In this unsupervised learning project, we create customer segments using different clustering methods. We start by normalising the data and having a look at outliers. We then reduce the dimensionality of the data by applying a PCA and we try different clustering algorithms:
The dataset used in this project is from the UCI Machine Learning repository and it is available here. It contains 440 instances of annual spending by clients of a wholesale distributor on 6 product categories.
import numpy as np
import pandas as pd
import matplotlib.pyplot as plt
import seaborn as sns
% matplotlib inline
from scipy import stats
from sklearn.decomposition import PCA
from sklearn.cluster import KMeans, DBSCAN, AgglomerativeClustering
from sklearn.mixture import GaussianMixture
from sklearn.metrics import silhouette_score
# loading the dataset
data= pd.read_csv("wholesale_data.csv")
print("Data shape: ", data.shape)
data.head()
# statistics
data.describe()
The count row of the table indicates that we don't have any missing values. We also note that all entries are positive numbers, which was expected since they represent counts of products that have been sold to customers. For each product category, the comparison of the mean, min and max values, along with the different quartiles, suggests that we might have a number of outliers in the dataset. We will take a look at them in a moment.
Using pairplot from Seaborn, we can plot the distribution of each feature and the possible correlation between product categories.
# scatter matrix of product categories
sns.set()
sns.set_style("white")
sns.pairplot(data, diag_kind="kde", diag_kws=dict(shade=True), markers=".")
We can tell that a few features exhibit some degree of correlation: i) Grocery and Milk, ii) Grocery and Detergents_Paper and iii) Milk and Detergents_paper.
We also note that the data is not normally distributed. For each product category, most customer spending is located in the first few intervals, which leads to a distribution that is skewed to the right. Let's apply a Box-Cox transformation to our data in order to reduce its skewness.
# Box-Cox transformation
norm_df= data.copy()
for feature in norm_df.columns:
norm_df[feature]= stats.boxcox(norm_df[feature])[0]
norm_df.head()
# scatter matrix of product categories after transformation
sns.set_style("white")
sns.pairplot(norm_df, diag_kind="kde", diag_kws=dict(shade=True), markers=".")
After a Box-Cox transformation, our data is indeed more normally distributed.
It can be useful to identify outliers in the data.

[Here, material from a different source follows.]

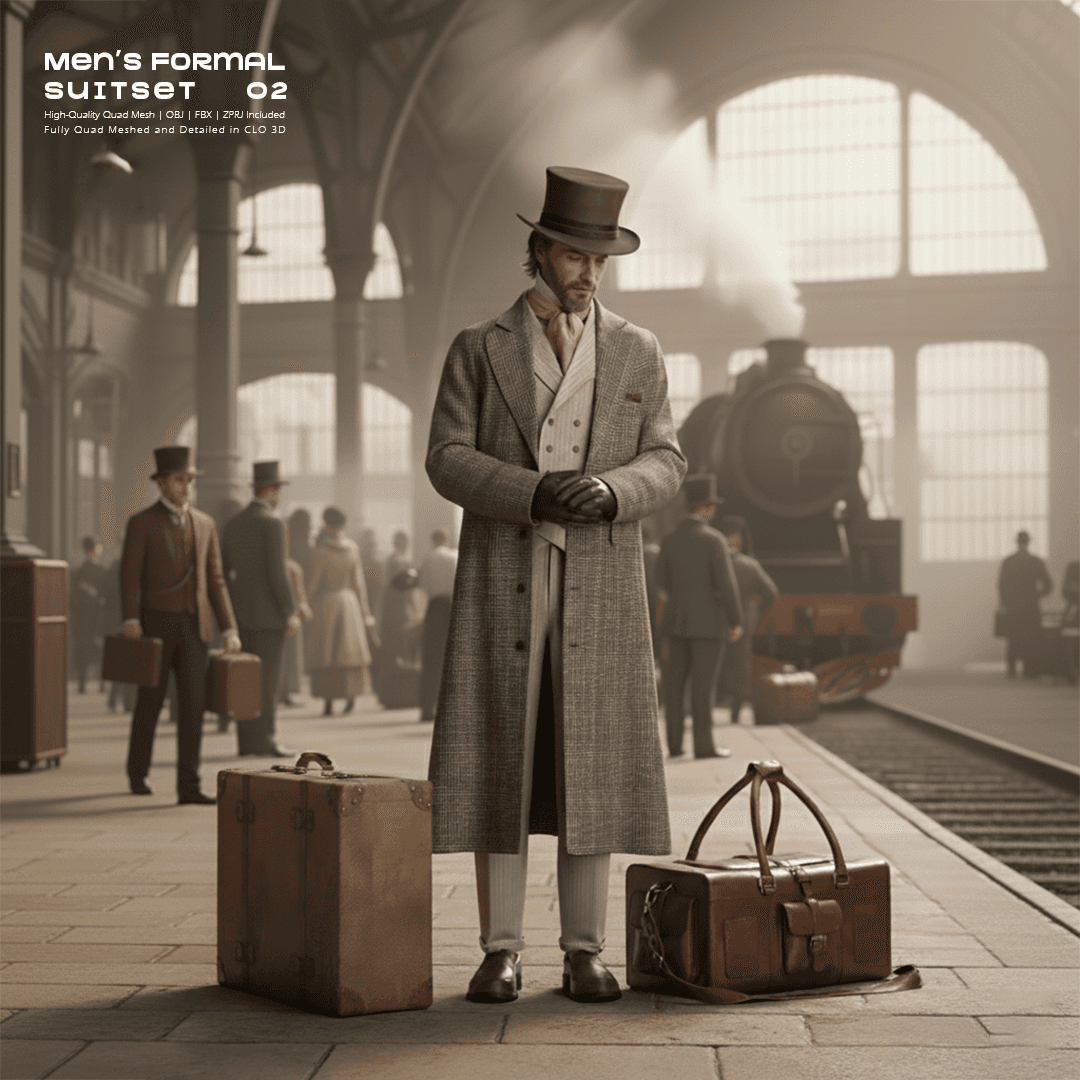 Men’s Formal Suit Set 02-🕴️ Victorian Formal Elegance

We will use Tukey's method: outliers are the data points that are below Q1 - 1.5 * IQR or above Q3 + 1.5 * IQR (where Q1 is the first quartile, Q3 is the third quartile and IQR is the interquartile range).
outliers= []
for feature in norm_df.columns:
Q1= np.percentile(norm_df[feature], 25)
Q3= np.percentile(norm_df[feature], 75)
step= 1.5 * (Q3-Q1)
outliers_df= pd.concat([norm_df[norm_df[feature]<Q1-step] , norm_df[norm_df[feature]>Q3+step]])
outliers_df= outliers_df.sort_index()
outliers.append(outliers_df.index.tolist())
outliers
There are a few outliers in the dataset but none of them is repeated more than twice (ie outlier for more than 2 product categories). Deciding whether to keep outliers or not is context-dependent. For the purpose of this project, we will keep the full set of data points.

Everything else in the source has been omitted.